In a 1994 episode of the Simpsons they make a lot of jokes about the Republicans party being evil. When did it become culturally normal to characterise the party this way?

by venuswasaflytrap

In the 1994 episode “Sideshow Bob Roberts” the republicans are shown to be meeting in a large stormy castle, with unambiguously evil characters like Mr. Burns and Dracula, and they have secret chant.

https://m.youtube.com/watch?v=oSLJKoqwMV4

https://en.m.wikipedia.org/wiki/Sideshow_Bob_Roberts

I know that this was the party that was started as an anti-slavery party. At (roughly) what point did it become the party that pop culture would unapologetically characterise it as the “evil” party?

Killfile

This question runs up against the 20 year rule, not because this started happening 20 years ago but because it's still on-going. The characterization is multi-faceted, but I'd argue that it it stems from the partisan divide over Unions.

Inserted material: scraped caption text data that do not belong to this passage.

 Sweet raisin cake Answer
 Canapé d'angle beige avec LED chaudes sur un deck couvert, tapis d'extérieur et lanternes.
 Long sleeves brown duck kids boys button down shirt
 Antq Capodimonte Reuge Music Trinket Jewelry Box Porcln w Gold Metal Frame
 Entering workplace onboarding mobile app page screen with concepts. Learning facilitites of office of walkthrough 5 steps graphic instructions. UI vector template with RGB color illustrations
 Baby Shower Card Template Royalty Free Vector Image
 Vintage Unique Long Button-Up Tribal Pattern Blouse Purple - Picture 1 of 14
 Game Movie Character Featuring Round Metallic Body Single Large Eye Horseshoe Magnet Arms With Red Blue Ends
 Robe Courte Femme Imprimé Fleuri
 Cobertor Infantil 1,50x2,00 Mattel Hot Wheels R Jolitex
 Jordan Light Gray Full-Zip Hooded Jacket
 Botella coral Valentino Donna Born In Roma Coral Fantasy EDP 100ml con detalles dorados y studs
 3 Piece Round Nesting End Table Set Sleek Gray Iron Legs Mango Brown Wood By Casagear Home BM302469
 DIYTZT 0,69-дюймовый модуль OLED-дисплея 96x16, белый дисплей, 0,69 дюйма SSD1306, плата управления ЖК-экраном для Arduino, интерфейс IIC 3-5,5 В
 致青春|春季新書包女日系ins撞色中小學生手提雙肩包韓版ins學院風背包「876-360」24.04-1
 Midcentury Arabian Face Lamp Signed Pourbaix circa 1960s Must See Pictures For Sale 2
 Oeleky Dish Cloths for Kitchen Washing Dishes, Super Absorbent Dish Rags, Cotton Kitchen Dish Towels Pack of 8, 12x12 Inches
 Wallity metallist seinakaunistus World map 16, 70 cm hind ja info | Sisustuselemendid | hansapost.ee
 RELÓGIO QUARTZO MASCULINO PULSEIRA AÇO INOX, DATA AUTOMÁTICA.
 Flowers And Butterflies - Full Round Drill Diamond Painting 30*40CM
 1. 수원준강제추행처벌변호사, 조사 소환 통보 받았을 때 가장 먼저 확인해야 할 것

Unions have historically seen corporations as antagonists (see the Battle of Blair Mountain and other union-busting activities in which companies used private and/or state-sponsored violence against Union organizers) and they've also historically been deeply connected with Democratic politics especially since the New Deal.

Taken together, this sets up the two major parties in the United States as ideologically divided over the question of "can we trust corporations to do the right thing," first with regard to worker protections and then, eventually, everything else. Democrats, dependent on Unions for political organization, will say no. Republicans, dependent on corporations for the same, will say "yes."

So the question then becomes less "when did it become normal to characterize REPUBLICANS as evil" and more about "when did it become normal to characterize CORPORATIONS as evil."

For that we can turn to some more contemporaneous sources. This is what I mean about the 20 year rule. Since this question is fundamentally historical, any primary source answering it is likely to observe the 20 year rule itself, so to keep within the rule ourselves, we'd be looking for a 20-year-old source discussing pop-culture from 20 years before it was published. I'm sure they're out there but I'd argue it's not necessary in this case.

This article from the Atlantic only briefly touches on the "beginning" of the trend of "corporations are evil", but it does document a shift from government-centric-dystopian-fiction towards corporation-centric-dystopian-fiction. Not surprisingly, this begins to take hold as the memory of the government's near total control of daily life fades following the close of World War Two. Post war America is one in which private companies rise in importance relative to government and, with that rise comes a change in the tone of fiction which worries about what life might be like under a corporate boot-heal.

By the 1980s this is so well established that films like Robocop aren't even pretending to avoid comparisons to their contemporaneous political environment. Rapacious, amoral, profit driven corporations are shown pillaging public goods (like law enforcement) regardless of the human suffering caused. These fictional representations of Republican politics land, in large part, because the GOP is, by this point, committed to Reagan's message of "government is the problem" and expressly endorses a political position in which there are very few regulations on what business can do.

This plays out in ways which cast Republicans as almost cartoon-like villains in several instances, most notably with respect to the tobacco industry. Today the tobacco lobby gives almost exclusively to Republicans but in 1990 (which is as far back as I can pull data from OpenSecrets) both sides took money... though the GOP did take slightly more. It wasn't until the late 1990s that the GOP felt that the political risks of taking money from Tobacco companies outweighed the benefits by which point about 9 in 10 people understood tobacco to be harmful.

By this point we're a little ahead of the 1994 target date but the broad outlines are still important: the GOP's anti-regulation position put it in a position of fighting for causes that many Americans saw as overtly harmful especially from about 1980 onward.